Work required
Provide again, from the entries below, every line from the one containing "Карабин D-образный с винтовым замком (Синий)" through the one containing "Messaggio cosmico e", exactly as written, and no other line.

Data
▬▬▬

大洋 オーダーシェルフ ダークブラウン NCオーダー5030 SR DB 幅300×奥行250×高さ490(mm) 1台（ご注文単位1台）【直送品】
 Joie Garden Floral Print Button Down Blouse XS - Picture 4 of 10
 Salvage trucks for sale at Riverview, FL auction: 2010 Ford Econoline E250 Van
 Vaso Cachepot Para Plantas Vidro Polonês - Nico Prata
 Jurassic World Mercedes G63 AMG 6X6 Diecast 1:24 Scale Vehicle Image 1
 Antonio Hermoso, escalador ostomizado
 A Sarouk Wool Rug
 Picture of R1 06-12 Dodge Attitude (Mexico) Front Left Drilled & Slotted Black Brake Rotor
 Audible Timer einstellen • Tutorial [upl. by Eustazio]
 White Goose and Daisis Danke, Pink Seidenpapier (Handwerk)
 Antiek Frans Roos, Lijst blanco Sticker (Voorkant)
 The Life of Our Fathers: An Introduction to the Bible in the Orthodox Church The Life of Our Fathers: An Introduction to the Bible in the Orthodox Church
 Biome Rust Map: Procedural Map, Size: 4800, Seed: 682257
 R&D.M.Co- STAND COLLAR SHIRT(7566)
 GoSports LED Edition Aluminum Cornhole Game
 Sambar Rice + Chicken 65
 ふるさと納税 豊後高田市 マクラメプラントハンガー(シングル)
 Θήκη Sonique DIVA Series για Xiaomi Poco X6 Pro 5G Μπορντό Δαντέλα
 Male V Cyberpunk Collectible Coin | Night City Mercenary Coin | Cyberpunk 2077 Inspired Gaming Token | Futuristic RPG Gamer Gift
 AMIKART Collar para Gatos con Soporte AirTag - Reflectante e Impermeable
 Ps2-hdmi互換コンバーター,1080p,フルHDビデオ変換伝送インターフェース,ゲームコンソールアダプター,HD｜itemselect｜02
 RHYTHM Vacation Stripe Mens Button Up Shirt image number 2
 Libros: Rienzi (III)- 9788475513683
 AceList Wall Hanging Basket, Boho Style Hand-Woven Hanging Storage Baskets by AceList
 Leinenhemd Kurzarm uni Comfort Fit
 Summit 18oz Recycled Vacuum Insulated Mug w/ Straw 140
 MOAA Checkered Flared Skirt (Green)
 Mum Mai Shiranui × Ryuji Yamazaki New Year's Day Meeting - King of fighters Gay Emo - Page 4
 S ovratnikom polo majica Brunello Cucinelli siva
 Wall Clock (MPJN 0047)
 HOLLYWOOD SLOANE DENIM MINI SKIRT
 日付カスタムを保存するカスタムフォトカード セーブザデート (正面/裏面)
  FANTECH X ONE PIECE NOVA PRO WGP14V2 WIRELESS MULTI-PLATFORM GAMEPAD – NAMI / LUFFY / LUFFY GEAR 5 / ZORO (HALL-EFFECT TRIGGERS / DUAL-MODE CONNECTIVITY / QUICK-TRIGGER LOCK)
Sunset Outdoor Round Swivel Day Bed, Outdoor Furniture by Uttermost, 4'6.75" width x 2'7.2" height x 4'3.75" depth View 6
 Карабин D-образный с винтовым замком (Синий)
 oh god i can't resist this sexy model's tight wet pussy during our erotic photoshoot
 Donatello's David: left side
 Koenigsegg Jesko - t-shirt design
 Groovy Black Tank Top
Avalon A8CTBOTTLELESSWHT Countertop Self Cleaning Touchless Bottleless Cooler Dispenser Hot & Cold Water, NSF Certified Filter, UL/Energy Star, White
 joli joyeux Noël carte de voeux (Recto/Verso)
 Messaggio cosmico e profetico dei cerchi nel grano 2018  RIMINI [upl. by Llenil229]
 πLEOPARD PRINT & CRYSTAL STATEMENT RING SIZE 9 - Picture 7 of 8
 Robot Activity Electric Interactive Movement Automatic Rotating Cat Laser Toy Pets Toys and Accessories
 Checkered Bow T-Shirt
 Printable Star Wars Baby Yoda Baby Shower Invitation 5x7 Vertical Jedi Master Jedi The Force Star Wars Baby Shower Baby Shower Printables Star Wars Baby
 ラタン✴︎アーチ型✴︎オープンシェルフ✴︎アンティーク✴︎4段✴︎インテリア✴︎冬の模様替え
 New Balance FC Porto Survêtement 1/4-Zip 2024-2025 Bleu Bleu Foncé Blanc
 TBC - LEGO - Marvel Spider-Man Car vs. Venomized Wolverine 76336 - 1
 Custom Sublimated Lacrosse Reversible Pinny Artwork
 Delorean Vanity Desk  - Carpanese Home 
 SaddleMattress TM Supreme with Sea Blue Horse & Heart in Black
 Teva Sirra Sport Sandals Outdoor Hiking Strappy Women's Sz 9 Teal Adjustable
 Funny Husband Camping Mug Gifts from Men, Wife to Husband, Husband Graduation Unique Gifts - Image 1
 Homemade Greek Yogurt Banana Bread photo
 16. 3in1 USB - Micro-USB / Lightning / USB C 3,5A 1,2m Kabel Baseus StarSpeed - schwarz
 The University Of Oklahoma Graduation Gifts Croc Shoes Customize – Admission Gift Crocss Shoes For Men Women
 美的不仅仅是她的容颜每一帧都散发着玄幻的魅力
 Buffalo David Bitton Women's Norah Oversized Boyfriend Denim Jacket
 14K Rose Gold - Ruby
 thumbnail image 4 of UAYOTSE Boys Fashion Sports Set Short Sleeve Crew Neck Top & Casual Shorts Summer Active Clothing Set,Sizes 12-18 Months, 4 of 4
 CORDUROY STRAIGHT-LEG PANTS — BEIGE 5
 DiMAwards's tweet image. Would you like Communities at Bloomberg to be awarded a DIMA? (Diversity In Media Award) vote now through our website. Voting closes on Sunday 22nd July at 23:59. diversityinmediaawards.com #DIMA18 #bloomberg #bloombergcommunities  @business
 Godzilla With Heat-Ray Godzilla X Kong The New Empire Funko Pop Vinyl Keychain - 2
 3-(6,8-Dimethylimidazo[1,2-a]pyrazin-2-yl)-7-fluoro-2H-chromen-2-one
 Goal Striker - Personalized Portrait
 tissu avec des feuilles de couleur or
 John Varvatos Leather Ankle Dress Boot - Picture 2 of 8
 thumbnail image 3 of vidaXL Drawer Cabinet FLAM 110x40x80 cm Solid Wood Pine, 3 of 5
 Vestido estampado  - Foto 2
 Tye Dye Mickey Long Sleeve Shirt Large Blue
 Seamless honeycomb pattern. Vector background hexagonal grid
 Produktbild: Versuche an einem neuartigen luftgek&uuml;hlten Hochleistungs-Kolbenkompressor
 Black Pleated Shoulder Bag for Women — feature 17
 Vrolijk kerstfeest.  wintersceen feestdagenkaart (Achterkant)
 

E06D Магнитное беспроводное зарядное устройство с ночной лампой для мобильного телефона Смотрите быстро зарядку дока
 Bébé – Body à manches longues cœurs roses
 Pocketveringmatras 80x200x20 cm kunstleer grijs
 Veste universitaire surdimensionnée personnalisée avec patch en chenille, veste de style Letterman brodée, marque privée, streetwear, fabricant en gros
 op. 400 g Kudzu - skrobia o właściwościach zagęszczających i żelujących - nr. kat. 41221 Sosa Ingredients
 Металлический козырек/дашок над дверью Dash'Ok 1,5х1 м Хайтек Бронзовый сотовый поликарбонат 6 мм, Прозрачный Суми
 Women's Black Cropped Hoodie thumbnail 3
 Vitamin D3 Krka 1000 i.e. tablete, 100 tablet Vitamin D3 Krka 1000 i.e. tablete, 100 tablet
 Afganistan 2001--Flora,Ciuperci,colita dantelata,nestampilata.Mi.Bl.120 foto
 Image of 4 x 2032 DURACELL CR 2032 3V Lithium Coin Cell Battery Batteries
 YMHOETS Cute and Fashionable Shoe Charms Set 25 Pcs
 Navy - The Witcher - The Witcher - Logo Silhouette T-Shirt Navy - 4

▬▬▬

Output of the task
 Карабин D-образный с винтовым замком (Синий)
 oh god i can't resist this sexy model's tight wet pussy during our erotic photoshoot
 Donatello's David: left side
 Koenigsegg Jesko - t-shirt design
 Groovy Black Tank Top
Avalon A8CTBOTTLELESSWHT Countertop Self Cleaning Touchless Bottleless Cooler Dispenser Hot & Cold Water, NSF Certified Filter, UL/Energy Star, White
 joli joyeux Noël carte de voeux (Recto/Verso)
 Messaggio cosmico e profetico dei cerchi nel grano 2018  RIMINI [upl. by Llenil229]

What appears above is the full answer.